Tactic #2: Get creative (and do some gentle stalking).
Outside of choosing the right words, Blanche also credits her self-described “weird” sourcing tactics as a secret weapon of sorts. In her role at Atlassian, she actively seeks out underrepresented groups and encourages them to apply.
“I’ve followed hashtags on Twitter that are associated with underrepresented people in tech and I tweet job ads at those participating in them. It sounds weird, but I’m completely serious. I say ‘Hi, you look like a great UX designer and we have these three open roles that you should take a look at,’” she says.“I’ve also gone on Amazon and looked at the technology books, read the reviews and tried to find out who wrote them, because women tend to write more reviews than men do. No one’s going to write a review of a Node.js book unless they know what they’re talking about.”

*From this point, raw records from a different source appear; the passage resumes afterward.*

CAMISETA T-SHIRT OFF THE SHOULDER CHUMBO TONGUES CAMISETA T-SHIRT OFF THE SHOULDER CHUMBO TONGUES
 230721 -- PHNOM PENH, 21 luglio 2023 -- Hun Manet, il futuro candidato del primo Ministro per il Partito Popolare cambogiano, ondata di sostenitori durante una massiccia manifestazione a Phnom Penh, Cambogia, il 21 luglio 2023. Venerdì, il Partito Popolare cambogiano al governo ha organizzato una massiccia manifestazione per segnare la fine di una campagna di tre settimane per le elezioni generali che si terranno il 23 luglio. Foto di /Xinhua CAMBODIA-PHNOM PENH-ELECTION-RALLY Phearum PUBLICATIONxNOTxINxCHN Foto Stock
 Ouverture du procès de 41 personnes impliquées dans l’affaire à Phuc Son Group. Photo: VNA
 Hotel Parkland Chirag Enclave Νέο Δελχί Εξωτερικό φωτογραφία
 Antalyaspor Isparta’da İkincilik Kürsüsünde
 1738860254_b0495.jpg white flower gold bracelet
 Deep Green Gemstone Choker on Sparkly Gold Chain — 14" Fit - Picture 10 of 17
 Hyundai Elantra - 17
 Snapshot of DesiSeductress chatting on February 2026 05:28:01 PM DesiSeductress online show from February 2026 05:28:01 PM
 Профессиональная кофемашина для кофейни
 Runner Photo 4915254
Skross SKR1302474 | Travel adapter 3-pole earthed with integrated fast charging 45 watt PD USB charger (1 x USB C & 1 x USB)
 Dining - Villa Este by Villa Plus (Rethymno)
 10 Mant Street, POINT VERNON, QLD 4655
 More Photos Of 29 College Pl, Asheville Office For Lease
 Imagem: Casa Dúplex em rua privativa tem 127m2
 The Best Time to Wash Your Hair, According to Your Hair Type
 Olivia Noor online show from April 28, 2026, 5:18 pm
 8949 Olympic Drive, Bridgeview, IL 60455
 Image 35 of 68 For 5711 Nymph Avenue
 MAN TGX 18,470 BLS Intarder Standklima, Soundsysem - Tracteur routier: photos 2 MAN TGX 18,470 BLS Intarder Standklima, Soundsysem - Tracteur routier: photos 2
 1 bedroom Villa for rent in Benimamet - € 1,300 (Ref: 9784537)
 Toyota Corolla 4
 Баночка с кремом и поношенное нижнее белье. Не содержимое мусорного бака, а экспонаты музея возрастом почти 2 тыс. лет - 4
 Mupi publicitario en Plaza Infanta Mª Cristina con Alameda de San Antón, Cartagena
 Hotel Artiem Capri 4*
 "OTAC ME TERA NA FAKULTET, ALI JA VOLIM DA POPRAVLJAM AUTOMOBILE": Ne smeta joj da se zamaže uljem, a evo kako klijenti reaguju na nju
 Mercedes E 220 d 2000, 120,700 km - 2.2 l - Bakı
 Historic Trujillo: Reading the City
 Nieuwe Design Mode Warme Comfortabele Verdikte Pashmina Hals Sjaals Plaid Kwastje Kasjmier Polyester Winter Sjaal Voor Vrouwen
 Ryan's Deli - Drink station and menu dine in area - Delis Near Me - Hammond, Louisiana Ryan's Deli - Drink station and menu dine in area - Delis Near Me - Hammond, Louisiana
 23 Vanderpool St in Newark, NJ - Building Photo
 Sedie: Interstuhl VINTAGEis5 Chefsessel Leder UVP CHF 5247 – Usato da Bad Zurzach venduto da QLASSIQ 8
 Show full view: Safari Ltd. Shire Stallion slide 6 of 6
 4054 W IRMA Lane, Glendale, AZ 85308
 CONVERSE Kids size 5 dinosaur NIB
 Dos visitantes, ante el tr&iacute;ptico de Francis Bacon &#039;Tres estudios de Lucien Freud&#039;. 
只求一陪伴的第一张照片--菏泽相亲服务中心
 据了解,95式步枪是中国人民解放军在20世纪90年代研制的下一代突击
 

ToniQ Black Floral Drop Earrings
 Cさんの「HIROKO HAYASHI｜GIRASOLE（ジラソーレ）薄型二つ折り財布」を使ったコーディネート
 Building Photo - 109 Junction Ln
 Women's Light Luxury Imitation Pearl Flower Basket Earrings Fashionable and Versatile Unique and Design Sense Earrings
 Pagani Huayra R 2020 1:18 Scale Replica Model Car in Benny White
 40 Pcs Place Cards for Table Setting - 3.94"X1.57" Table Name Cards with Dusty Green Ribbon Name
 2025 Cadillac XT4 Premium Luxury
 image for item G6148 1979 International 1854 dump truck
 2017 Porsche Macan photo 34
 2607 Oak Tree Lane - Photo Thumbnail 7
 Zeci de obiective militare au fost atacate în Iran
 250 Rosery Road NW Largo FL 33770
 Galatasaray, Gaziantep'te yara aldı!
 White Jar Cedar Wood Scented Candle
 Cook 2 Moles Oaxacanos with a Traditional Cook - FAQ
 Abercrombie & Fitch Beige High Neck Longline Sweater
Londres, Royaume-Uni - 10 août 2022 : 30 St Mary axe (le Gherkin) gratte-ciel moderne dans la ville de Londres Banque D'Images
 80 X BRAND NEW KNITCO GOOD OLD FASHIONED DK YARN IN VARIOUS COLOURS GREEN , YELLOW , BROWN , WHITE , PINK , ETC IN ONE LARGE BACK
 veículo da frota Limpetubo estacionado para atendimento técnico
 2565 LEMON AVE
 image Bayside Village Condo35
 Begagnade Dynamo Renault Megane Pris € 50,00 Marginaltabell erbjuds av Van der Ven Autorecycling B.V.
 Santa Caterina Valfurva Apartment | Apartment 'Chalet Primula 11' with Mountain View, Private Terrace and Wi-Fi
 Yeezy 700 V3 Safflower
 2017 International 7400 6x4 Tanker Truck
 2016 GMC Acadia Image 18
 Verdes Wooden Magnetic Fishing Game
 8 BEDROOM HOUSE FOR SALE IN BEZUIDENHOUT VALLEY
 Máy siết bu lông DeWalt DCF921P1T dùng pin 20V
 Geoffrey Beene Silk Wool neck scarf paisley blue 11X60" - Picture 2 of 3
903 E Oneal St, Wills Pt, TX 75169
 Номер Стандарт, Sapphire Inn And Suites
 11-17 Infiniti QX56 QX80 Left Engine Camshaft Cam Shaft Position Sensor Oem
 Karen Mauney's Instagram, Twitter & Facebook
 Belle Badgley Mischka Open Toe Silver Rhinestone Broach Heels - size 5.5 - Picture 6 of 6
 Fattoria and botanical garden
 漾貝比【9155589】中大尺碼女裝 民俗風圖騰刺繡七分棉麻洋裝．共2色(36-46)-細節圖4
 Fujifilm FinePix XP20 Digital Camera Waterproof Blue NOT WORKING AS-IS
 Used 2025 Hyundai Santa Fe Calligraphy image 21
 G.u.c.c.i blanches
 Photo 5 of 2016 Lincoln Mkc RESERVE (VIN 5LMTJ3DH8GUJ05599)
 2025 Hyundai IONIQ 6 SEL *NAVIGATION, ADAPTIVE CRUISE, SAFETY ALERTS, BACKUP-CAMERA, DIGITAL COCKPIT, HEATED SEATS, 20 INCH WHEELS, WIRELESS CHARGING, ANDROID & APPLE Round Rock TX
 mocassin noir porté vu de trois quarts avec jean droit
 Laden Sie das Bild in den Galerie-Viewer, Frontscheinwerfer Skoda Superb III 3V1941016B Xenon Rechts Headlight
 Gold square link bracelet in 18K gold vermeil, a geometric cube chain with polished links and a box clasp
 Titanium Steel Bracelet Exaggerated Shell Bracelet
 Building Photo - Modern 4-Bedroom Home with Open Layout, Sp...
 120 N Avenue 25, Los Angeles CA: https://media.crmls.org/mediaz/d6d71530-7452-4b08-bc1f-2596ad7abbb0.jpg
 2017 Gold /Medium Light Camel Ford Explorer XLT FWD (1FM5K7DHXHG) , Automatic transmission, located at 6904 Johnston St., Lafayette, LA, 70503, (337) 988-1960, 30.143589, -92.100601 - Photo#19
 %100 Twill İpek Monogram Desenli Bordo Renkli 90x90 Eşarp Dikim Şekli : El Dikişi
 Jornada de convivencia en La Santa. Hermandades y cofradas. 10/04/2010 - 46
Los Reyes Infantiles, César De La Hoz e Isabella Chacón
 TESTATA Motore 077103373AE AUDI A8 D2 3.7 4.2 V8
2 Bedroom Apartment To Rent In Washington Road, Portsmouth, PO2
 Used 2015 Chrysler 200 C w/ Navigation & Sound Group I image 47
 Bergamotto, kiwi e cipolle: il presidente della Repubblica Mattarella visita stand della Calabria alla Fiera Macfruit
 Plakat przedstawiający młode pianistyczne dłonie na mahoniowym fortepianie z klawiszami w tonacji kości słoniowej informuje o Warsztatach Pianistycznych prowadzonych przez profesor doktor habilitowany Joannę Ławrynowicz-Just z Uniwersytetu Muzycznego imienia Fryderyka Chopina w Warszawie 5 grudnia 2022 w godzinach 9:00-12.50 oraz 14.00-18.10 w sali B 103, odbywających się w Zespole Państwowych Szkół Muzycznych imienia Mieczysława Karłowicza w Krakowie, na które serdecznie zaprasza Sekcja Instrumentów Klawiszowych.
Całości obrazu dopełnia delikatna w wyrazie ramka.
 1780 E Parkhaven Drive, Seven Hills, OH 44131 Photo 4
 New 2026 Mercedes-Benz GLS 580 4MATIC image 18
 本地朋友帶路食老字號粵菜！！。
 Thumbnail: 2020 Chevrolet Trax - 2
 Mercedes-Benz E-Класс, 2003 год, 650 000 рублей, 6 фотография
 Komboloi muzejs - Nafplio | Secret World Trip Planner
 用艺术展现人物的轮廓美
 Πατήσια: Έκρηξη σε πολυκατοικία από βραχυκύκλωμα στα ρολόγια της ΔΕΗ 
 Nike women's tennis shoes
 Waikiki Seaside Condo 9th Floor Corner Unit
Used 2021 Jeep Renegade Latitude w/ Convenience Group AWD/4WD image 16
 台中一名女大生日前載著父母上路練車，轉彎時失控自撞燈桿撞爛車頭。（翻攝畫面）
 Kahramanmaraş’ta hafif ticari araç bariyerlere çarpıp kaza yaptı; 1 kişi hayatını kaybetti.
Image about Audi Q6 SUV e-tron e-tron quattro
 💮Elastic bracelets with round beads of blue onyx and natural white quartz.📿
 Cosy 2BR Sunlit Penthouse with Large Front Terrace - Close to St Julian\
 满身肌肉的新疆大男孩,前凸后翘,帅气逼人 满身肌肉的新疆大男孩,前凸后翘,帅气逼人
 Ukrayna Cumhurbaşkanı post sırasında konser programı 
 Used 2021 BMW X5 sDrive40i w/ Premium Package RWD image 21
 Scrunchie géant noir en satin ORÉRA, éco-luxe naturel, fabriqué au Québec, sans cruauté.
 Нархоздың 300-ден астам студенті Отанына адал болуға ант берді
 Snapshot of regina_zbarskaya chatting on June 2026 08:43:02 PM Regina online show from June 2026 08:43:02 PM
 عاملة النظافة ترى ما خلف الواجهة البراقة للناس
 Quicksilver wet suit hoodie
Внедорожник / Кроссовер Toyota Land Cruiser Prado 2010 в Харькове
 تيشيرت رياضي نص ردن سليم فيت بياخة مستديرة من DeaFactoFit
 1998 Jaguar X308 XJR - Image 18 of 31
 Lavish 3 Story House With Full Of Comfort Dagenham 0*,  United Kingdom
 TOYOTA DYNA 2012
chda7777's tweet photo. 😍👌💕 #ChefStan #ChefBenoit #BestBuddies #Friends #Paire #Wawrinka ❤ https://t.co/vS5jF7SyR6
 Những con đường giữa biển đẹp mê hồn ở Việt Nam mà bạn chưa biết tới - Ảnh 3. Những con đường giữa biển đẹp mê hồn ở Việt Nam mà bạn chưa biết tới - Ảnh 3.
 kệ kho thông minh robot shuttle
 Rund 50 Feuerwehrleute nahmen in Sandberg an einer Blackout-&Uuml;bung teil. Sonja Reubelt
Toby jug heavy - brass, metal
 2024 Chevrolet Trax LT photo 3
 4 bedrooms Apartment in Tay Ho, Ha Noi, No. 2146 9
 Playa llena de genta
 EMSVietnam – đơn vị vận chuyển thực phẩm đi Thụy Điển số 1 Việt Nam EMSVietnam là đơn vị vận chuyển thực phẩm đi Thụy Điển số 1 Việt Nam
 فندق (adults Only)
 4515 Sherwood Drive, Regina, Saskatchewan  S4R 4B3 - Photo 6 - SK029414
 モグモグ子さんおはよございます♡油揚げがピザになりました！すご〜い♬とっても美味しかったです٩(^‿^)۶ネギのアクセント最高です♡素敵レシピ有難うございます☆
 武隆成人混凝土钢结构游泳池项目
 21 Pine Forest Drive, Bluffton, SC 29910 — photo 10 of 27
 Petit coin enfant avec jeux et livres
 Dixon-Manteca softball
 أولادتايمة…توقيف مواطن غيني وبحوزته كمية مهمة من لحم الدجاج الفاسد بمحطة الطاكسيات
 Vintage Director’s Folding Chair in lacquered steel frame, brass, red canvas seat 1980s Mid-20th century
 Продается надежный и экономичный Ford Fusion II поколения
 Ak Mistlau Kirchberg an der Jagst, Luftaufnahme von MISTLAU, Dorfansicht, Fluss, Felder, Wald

Tactic #3: Spot skills in non-linear experiences.
When looking at product manager candidates, don’t automatically dismiss those without product management experience. “People don’t have career paths, they have growth paths. We need to get better at thinking for others about what useful skills they’ve gained from unusual, non-linear experiences,” says Blanche. “So at Atlassian, we try to get at those behaviors during the interview process in a way that’s agnostic to your background. Maybe you got your project management skills from a previous role or maybe you got it from coaching and organizing your kid’s soccer team.”
Dive deeper into Blanche’s playbook for stepping up diversity and inclusion efforts to read more of her thoughts on other topics ranging from intersectionality and unconscious bias to data and driving small experiments.
3. Make interviewing a costly team sport.
Every engineering leader spends time on building and rebuilding teams, but while at Clover Health and Yammer, Marco Rogers obsessed on designing and refining an immaculate interview process. It was that craftsmanship that helped him hire over a dozen developers at Yammer, grow the Clover engineering team from one to 50, and start to scale up Lever’s technical team.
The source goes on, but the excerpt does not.